» **Your assignment**
The line containing "with Bordeaux. Wine." marks the end; write out exactly every line from the start of the data up to and including it, without the pictures.

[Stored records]
....
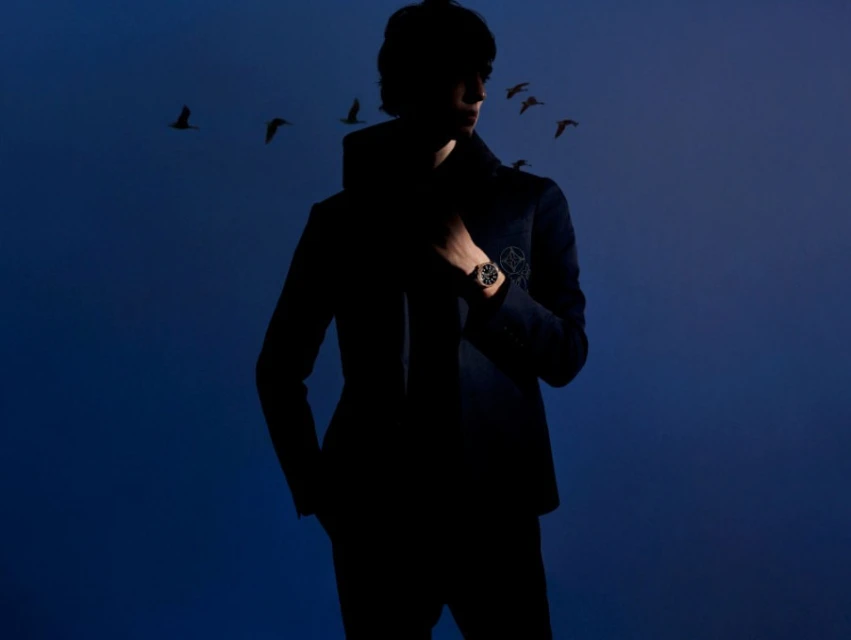 Silhouetted man in a dark jacket with birds in flight against a blue background, wearing a watch.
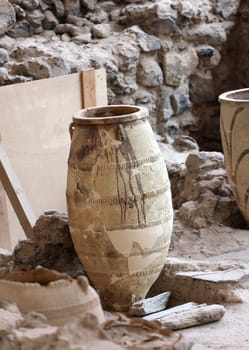 Santorini, Greece - July 01, 2021: Recovered ancient pottery in prehistoric town of Akrotiri, excavation site of a Minoan Bronze Age settlement on the Greek island of Santorini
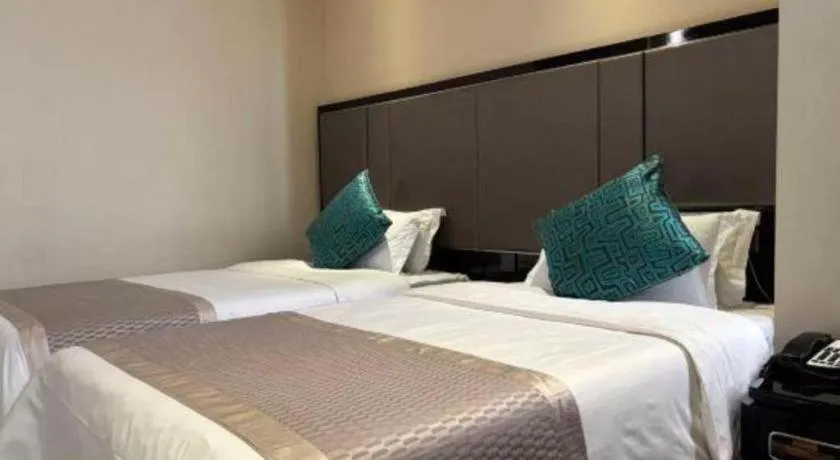 Bed in Pacific Regency Hotel Shenyang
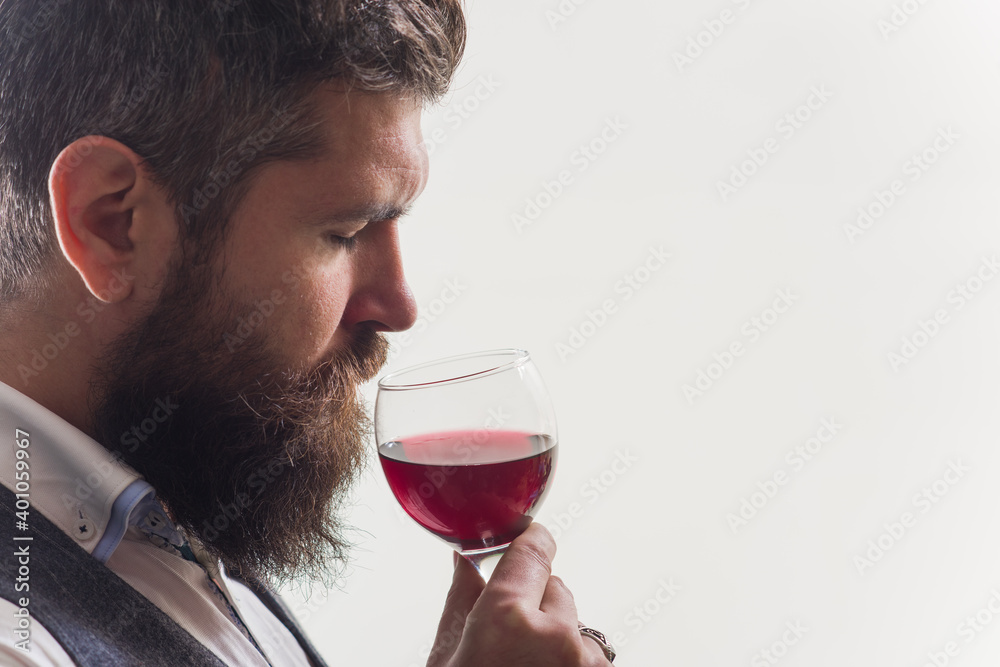 Wine. Wine degustation. Man with alcohol. Bearded man with glass of wine. Man drinks red wine. Man with Bordeaux. Wine. Wine degustation. Man with alcohol. Bearded man with glass of wine. Man drinks red wine. Man with Bordeaux.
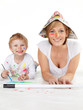 Cute boy and his mother painting with water colours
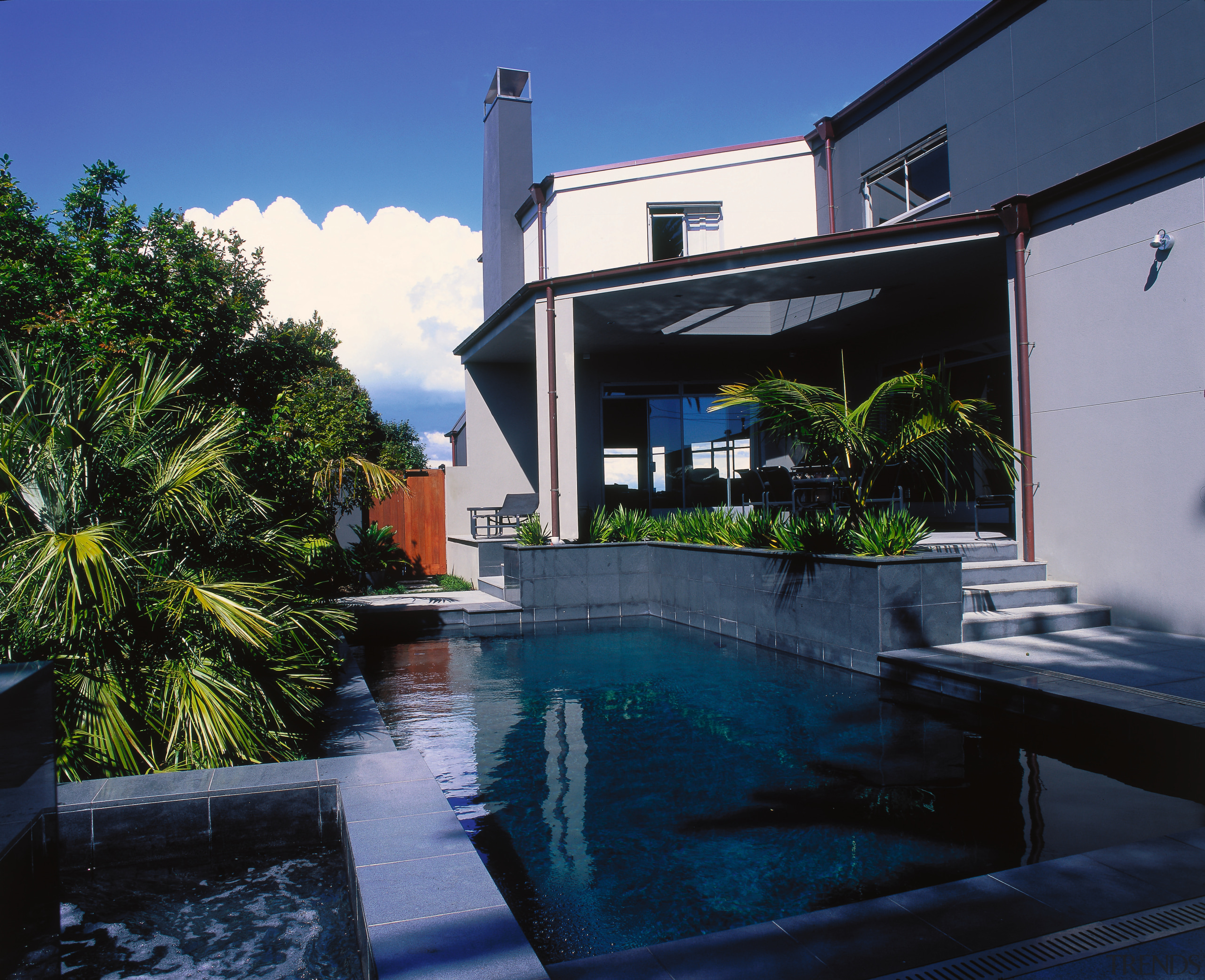 Black tiled spa pool looking over black swimming architecture, estate, home, house, property, real estate, reflection, residential area, sky, swimming pool, villa, water, blue, black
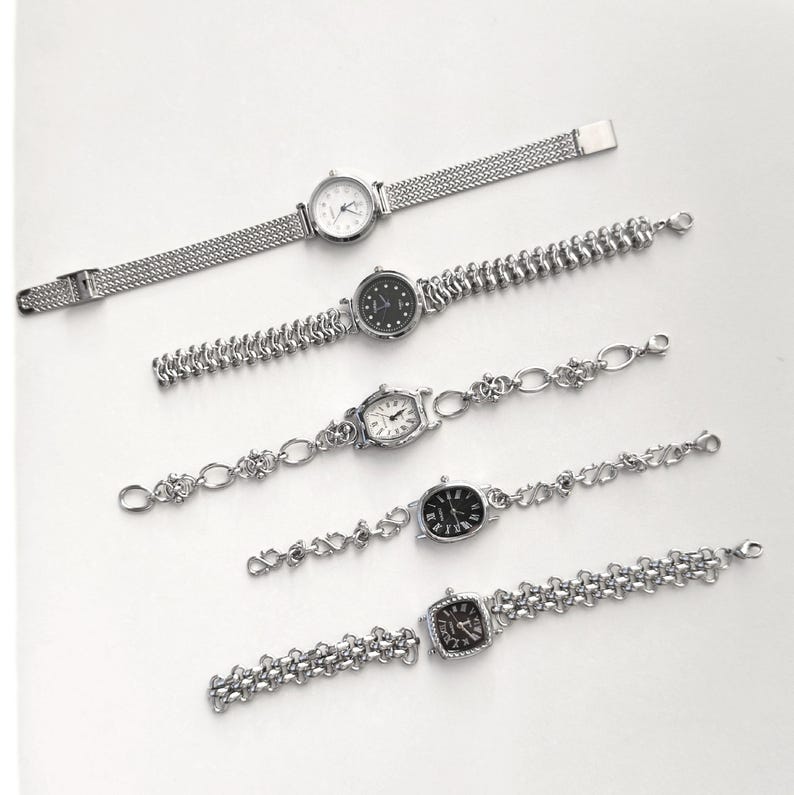 May include: Five silver-toned wristwatches with various band designs and watch faces. The watches have round, oval, and square faces with different dial colors. The bands include mesh, beaded, and chain-link styles. The watches are displayed on a white surface.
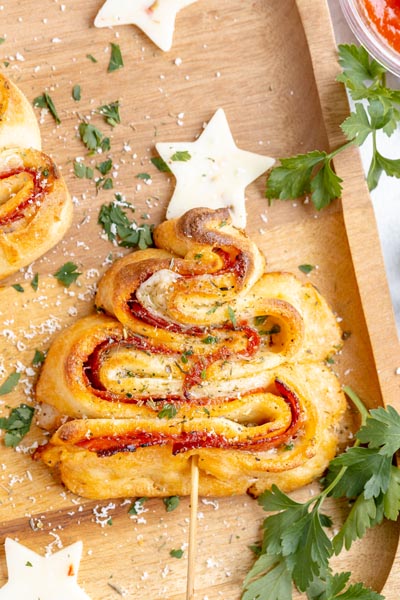 A Christmas tree formed by keto puff pastry and filled with pizza toppings. Chopped parsley lies nearby.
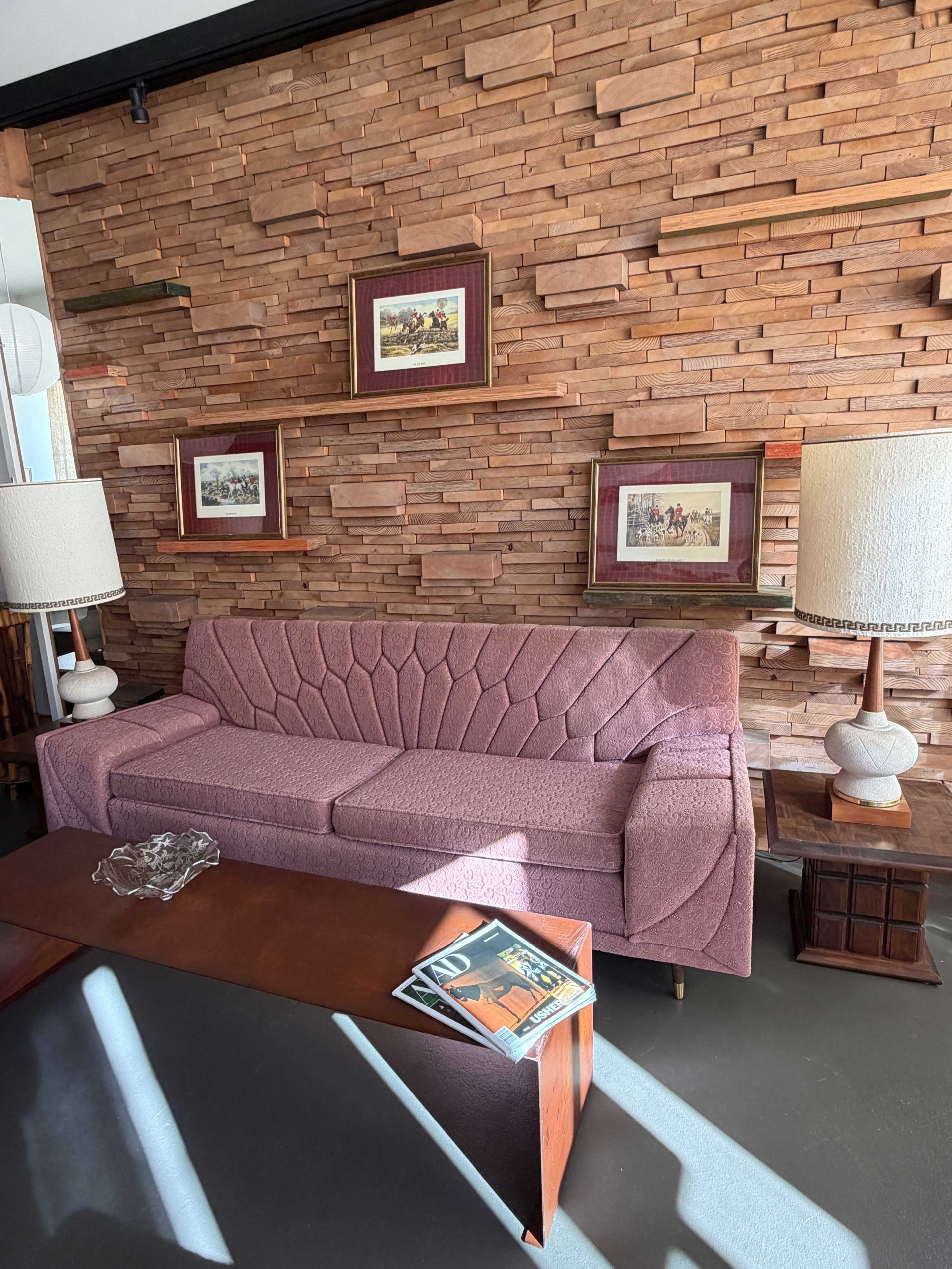 The image shows a mid-century modern living room with a pink sofa, wooden accent wall, two lamps, and a low coffee table displaying magazines and an ashtray.
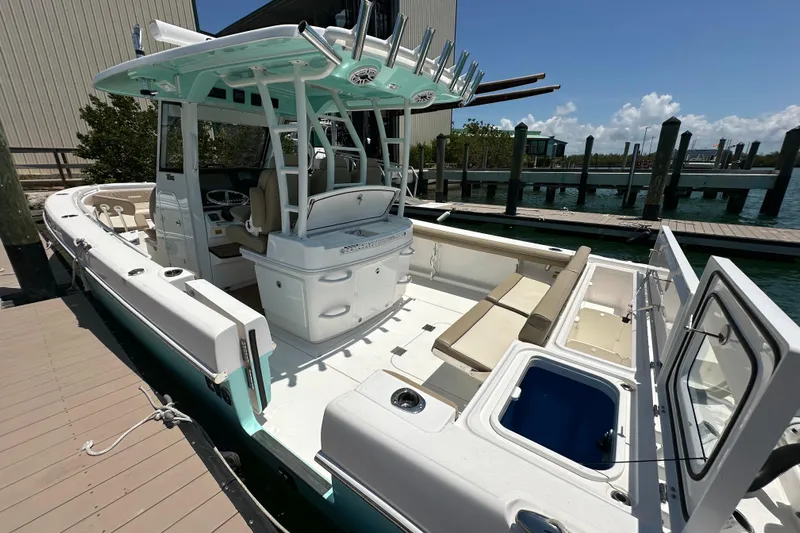  Yacht Photos Pics 2020 Everglades 335 Center Console boat docked, featuring spacious seating and modern amenities.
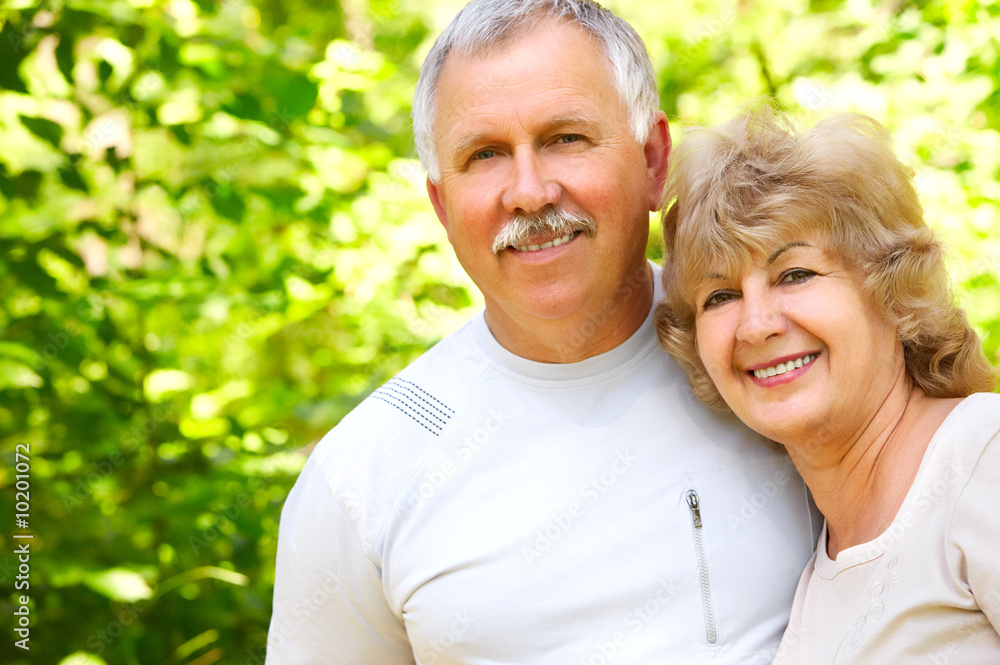 Smiling happy elderly couple in love in the forest. Smiling happy elderly couple in love in the forest.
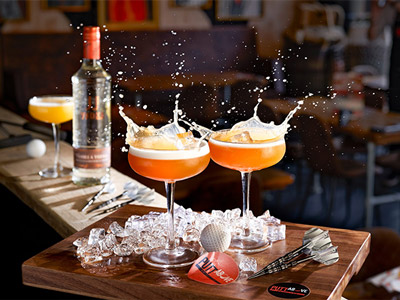 A wooden board with two orange cocktails, a mini golf ball and some darts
....
» **Result for this task**
 Silhouetted man in a dark jacket with birds in flight against a blue background, wearing a watch.
 Santorini, Greece - July 01, 2021: Recovered ancient pottery in prehistoric town of Akrotiri, excavation site of a Minoan Bronze Age settlement on the Greek island of Santorini
 Bed in Pacific Regency Hotel Shenyang
 Wine. Wine degustation. Man with alcohol. Bearded man with glass of wine. Man drinks red wine. Man with Bordeaux. Wine. Wine degustation. Man with alcohol. Bearded man with glass of wine. Man drinks red wine. Man with Bordeaux.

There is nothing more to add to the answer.